Collected data:
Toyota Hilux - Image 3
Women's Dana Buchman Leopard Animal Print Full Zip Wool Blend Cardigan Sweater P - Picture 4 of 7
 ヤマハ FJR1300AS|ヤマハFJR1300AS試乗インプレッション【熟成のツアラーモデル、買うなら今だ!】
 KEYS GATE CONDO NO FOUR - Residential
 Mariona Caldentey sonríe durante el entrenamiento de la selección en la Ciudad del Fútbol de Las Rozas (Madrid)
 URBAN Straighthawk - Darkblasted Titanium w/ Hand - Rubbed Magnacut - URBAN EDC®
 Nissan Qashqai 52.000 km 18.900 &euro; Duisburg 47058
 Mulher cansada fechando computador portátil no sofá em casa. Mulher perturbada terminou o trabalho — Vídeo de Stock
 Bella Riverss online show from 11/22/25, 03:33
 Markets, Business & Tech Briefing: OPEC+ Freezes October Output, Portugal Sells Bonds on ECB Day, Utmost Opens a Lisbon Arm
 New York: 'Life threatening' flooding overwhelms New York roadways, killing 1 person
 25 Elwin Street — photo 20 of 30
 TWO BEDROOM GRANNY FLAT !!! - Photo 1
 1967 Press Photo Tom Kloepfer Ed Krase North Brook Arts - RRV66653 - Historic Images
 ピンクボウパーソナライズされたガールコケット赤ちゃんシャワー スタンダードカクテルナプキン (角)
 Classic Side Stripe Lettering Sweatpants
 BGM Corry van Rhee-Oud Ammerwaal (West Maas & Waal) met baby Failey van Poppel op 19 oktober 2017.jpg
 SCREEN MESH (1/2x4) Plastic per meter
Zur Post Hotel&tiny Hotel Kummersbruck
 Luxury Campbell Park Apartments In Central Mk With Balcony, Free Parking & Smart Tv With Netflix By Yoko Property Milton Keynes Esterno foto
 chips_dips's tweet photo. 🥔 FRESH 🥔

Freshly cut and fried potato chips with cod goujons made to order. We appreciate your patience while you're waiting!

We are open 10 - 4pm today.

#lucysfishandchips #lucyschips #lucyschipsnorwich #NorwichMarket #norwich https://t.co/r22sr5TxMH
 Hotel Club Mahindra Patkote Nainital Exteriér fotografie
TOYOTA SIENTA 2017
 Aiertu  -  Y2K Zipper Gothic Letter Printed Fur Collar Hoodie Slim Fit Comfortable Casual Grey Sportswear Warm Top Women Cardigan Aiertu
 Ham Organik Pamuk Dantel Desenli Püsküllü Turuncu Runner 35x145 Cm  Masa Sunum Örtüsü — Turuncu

What is needed: The entries are to be repeated exactly, with nothing altered.

Reply to the exercise:
Toyota Hilux - Image 3
Women's Dana Buchman Leopard Animal Print Full Zip Wool Blend Cardigan Sweater P - Picture 4 of 7
 ヤマハ FJR1300AS|ヤマハFJR1300AS試乗インプレッション【熟成のツアラーモデル、買うなら今だ!】
 KEYS GATE CONDO NO FOUR - Residential
 Mariona Caldentey sonríe durante el entrenamiento de la selección en la Ciudad del Fútbol de Las Rozas (Madrid)
 URBAN Straighthawk - Darkblasted Titanium w/ Hand - Rubbed Magnacut - URBAN EDC®
 Nissan Qashqai 52.000 km 18.900 &euro; Duisburg 47058
 Mulher cansada fechando computador portátil no sofá em casa. Mulher perturbada terminou o trabalho — Vídeo de Stock
 Bella Riverss online show from 11/22/25, 03:33
 Markets, Business & Tech Briefing: OPEC+ Freezes October Output, Portugal Sells Bonds on ECB Day, Utmost Opens a Lisbon Arm
 New York: 'Life threatening' flooding overwhelms New York roadways, killing 1 person
 25 Elwin Street — photo 20 of 30
 TWO BEDROOM GRANNY FLAT !!! - Photo 1
 1967 Press Photo Tom Kloepfer Ed Krase North Brook Arts - RRV66653 - Historic Images
 ピンクボウパーソナライズされたガールコケット赤ちゃんシャワー スタンダードカクテルナプキン (角)
 Classic Side Stripe Lettering Sweatpants
 BGM Corry van Rhee-Oud Ammerwaal (West Maas & Waal) met baby Failey van Poppel op 19 oktober 2017.jpg
 SCREEN MESH (1/2x4) Plastic per meter
Zur Post Hotel&tiny Hotel Kummersbruck
 Luxury Campbell Park Apartments In Central Mk With Balcony, Free Parking & Smart Tv With Netflix By Yoko Property Milton Keynes Esterno foto
 chips_dips's tweet photo. 🥔 FRESH 🥔

Freshly cut and fried potato chips with cod goujons made to order. We appreciate your patience while you're waiting!

We are open 10 - 4pm today.

#lucysfishandchips #lucyschips #lucyschipsnorwich #NorwichMarket #norwich https://t.co/r22sr5TxMH
 Hotel Club Mahindra Patkote Nainital Exteriér fotografie
TOYOTA SIENTA 2017
 Aiertu  -  Y2K Zipper Gothic Letter Printed Fur Collar Hoodie Slim Fit Comfortable Casual Grey Sportswear Warm Top Women Cardigan Aiertu
 Ham Organik Pamuk Dantel Desenli Püsküllü Turuncu Runner 35x145 Cm  Masa Sunum Örtüsü — Turuncu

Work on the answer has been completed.